In a part of Farnworth where many families want a secondary that feels structured and values-led, St James’s makes a clear offer: a Church of England ethos, daily worship woven into routines, and a strong emphasis on conduct and character alongside GCSE outcomes. The most recent inspection profile supports that positioning, with behaviour and attitudes and personal development graded at the highest level, while overall effectiveness remained Good.
Leadership stability is another anchor. Mrs Catherine Anderson became headteacher in September 2019, having been deputy headteacher at the school since September 2017.
For September 2026, the published admission number for Year 7 is 210, and the admissions route blends local authority coordination with a school supplementary form that matters in oversubscription.
St James’s describes itself as a family, and the way it frames values is explicit, not vague. The school’s stated vision sits under the line Caring for Others † Achieving Excellence, and the wider language is theological as well as pastoral, with an emphasis on each young person being valued and supported to fulfil their potential.
The chaplaincy is not presented as an optional extra.

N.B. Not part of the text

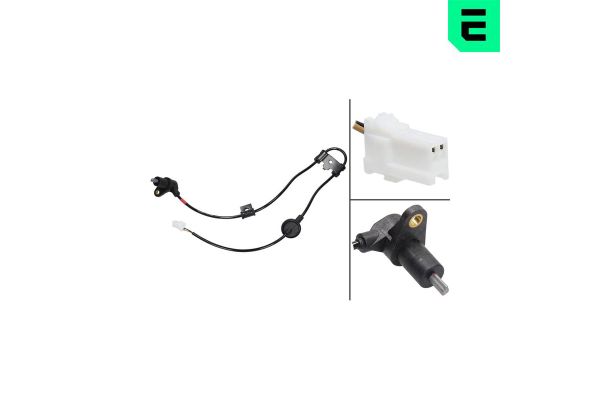 Abs Sensörü Arka Sağ OPTIMAL 06-S592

Daily collective worship is positioned as integral, and the chaplaincy is described as inclusive for students of different backgrounds or beliefs. At lunchtime, it also functions as a quieter space for board games, conversation, or reflection, which is often what parents mean when they ask whether a school has calm corners as well as busy corridors.

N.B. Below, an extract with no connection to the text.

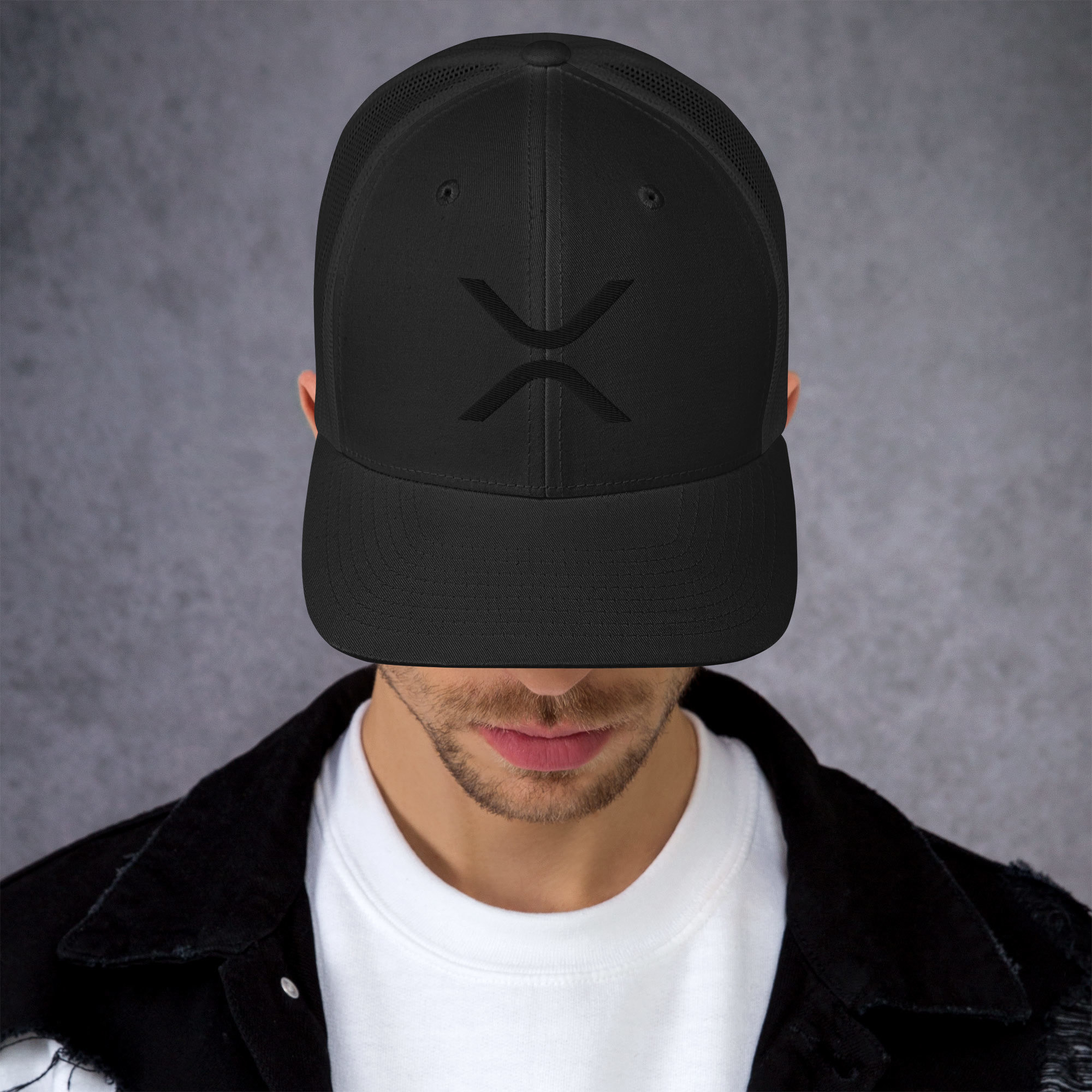 XRP Snapback Cap product thumbnail image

A distinctive pastoral detail is the school dog, Nala. The school sets out the rationale in practical terms, including supervised student leadership opportunities, reading to Nala, and structured “calm moments” for students who find that helpful on difficult days. It also states that risk assessment, insurance, and supervision arrangements are in place, with reasonable adjustments for allergies or anxieties around dogs.

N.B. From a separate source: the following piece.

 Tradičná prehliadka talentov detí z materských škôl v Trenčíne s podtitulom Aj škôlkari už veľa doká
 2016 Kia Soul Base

St James’s is a secondary school for ages 11 to 16, so the headline measures are GCSE indicators rather than A-level outcomes. In the FindMySchool GCSE ranking based on official data, the school is ranked 1,814th in England and 11th in Bolton, placing it in line with the middle 35% of schools in England (25th to 60th percentile).
On attainment and curriculum measures, the school’s Attainment 8 score is 47.9 and the EBacc average point score is 4.17. The proportion of pupils achieving grades 5 or above in the EBacc is 15.3%.
Progress 8 sits at -0.07. In plain terms, that indicates progress that is slightly below the England average when comparing pupils with similar starting points.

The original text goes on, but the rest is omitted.